Let $a = x1 * y1$, $b = x1 * y2 + x2 * y1$ and $c = x2 * y2$

Finally, **x X y** becomes:

$$xy = a * B^(2m) + b * B^m + c$$

That is why Karatsuba came up with the brilliant idea to calculate b with the following formula:

$$b = (x1 + x2)(y1 + y2) - a - c$$

### Example

```
Consider the following multiplication: 47 x 78
x = 47
x = 4 * 10 + 7
x1 = 4
x2 = 7
y = 78
y = 7 * 10 + 8
y1 = 7
y2 = 8
a = x1 * y1 = 4 * 7 = 28
c = x2 * y2 = 7 * 8 = 56
b = (x1 + x2)(y1 + y2) - a - c = 11 * 15 - 28 - 56
11 * 15 can in turn be multiplied using Karatsuba Algorithm
```

### Complexity

Assuming that we replace two of the multiplications with only one makes the program faster. The question is how fast. Karatsuba improves the multiplication process by replacing the initial complexity of $O(n^2)$ by $O(n^(log3))$, which as you can see on the diagram below is much faster for big n.

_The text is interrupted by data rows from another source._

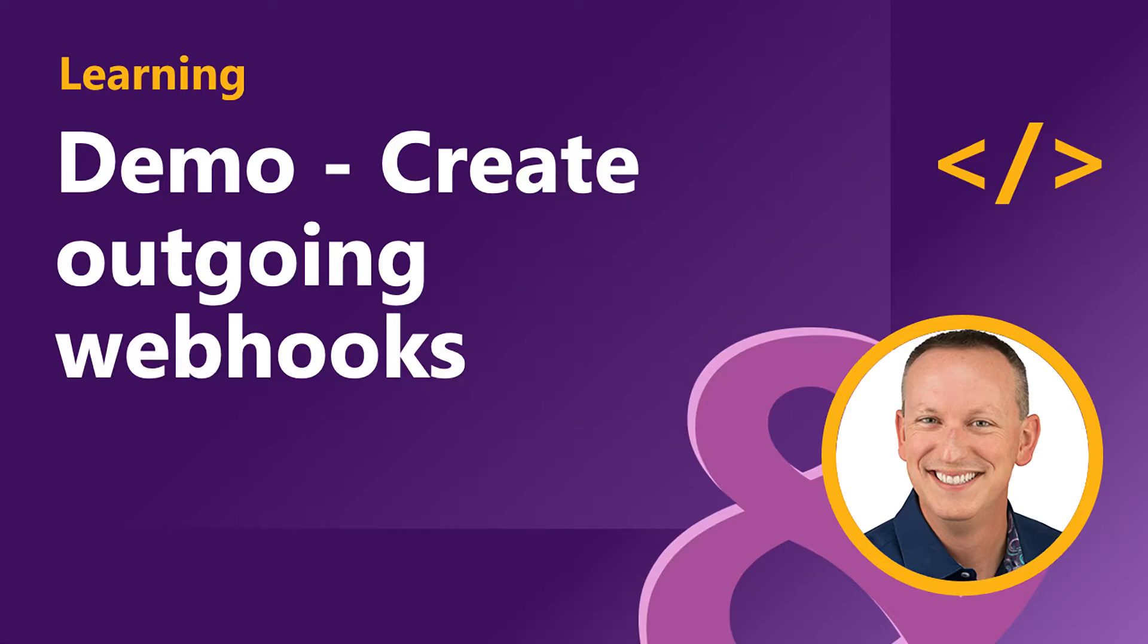In this demo, we're going to see how to create a web service and register it as an outgoing webhook in Microsoft Teams.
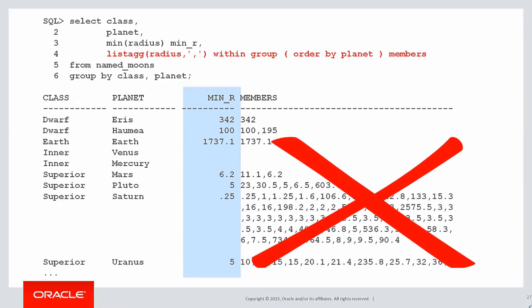But when we look at the members column, which is the listagg result, it doesn't seem to be a list of the other minimal radii. It just seems to be a list of all the radiuses for each planet. That's not really what we were after.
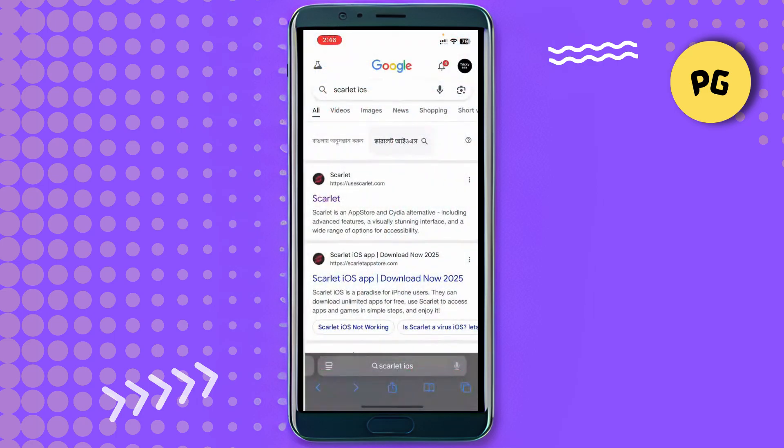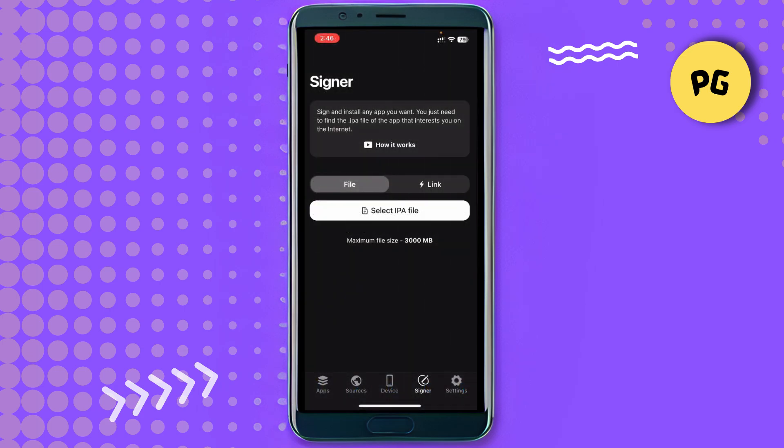You'll get this kind of interface — the first result is legit. There you will get three or four options to install. If your device supports direct iOS installation, you can install the IPA easily. If not, you'll need the IPA file and you must sign your app using a tool like Flex Store, Sideloadly, or TrollStore if your device is supported.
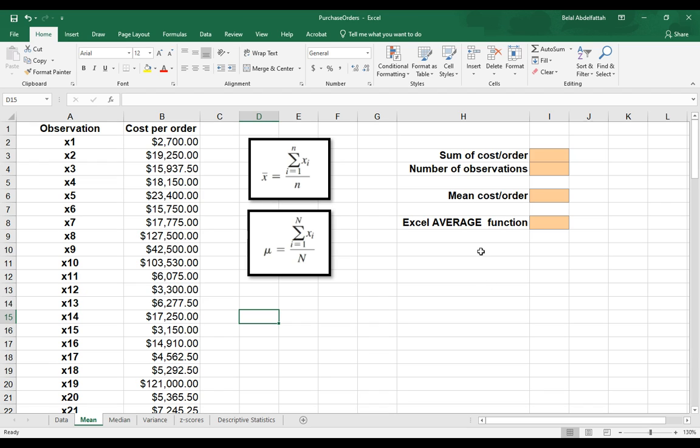I'm going to be talking about a couple of measures of location. The first one I'm going to be talking about is the mean, and then I'll explain what the median is next.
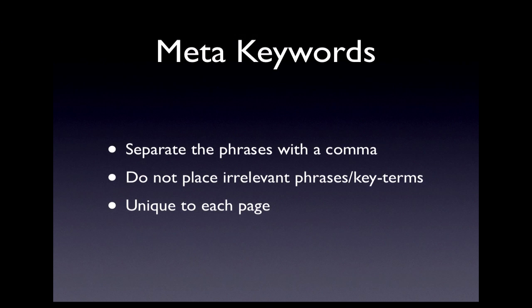So remember to separate the phrases, not each word, with a comma. Do not place key terms which are irrelevant to the page. Each page should have unique key terms and phrases.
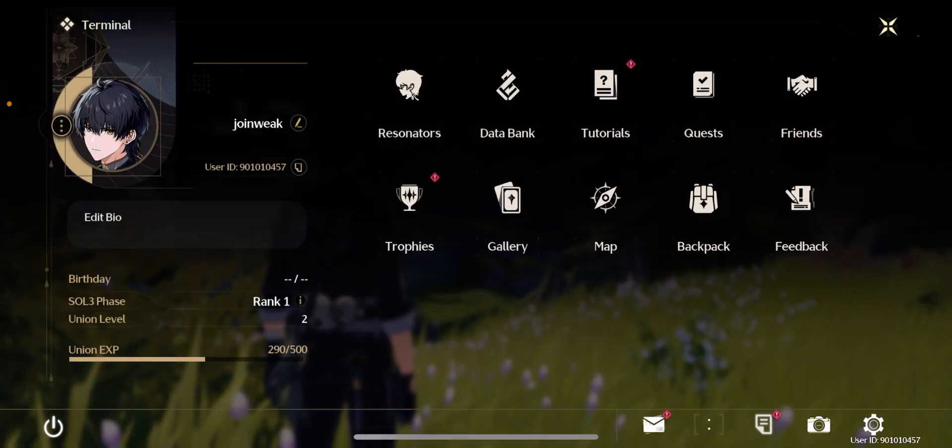And here you need to contact the support team. For that, click on the feedback button.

$$T(n)=3 * T(n/2) + O(n)$$

O(n^2) grows much faster than O(n^lg3)

### Pseudocode

```
procedure karatsuba(num1, num2)
if (num1 < 10) or (num2 < 10)
return num1*num2
*calculates the size of the numbers*
m = max(size_base10(num1), size_base10(num2))
m2 = m/2
*split the digit sequences about the middle*
high1, low1 = split_at(num1, m2)
high2, low2 = split_at(num2, m2)
*3 calls made to numbers approximately half the size*
z0 = karatsuba(low1, low2)
z1 = karatsuba((low1 + high1), (low2 + high2))
z2 = karatsuba(high1, high2)
return (z2 * 10 ^ (2 * m2)) + ((z1 - z2 - z0) * 10 ^ (m2)) + (z0)
```

### Implementations

- Python

### Python

```
def karatsuba(x,y):
if len(str(x)) == 1 or len(str(y)) == 1:
return x*y
else:
n = max(len(str(x)),len(str(y)))
nby2 = n / 2
a = x / 10**(nby2)
b = x % 10**(nby2)
c = y / 10**(nby2)
d = y % 10**(nby2)
ac = karatsuba(a,c)
bd = karatsuba(b,d)
ad_plus_bc = karatsuba(a+b,c+d) - ac - bd
prod = ac * 10**(2*nby2) + (ad_plus_bc * 10**nby2) + bd
return prod
```

### Application

The Karatsuba algorithm is very efficient in tasks that invlove integer multiplication. It can also be useful for polynomial multiplications.

It is to be noted that faster multiplication algorithms do exist.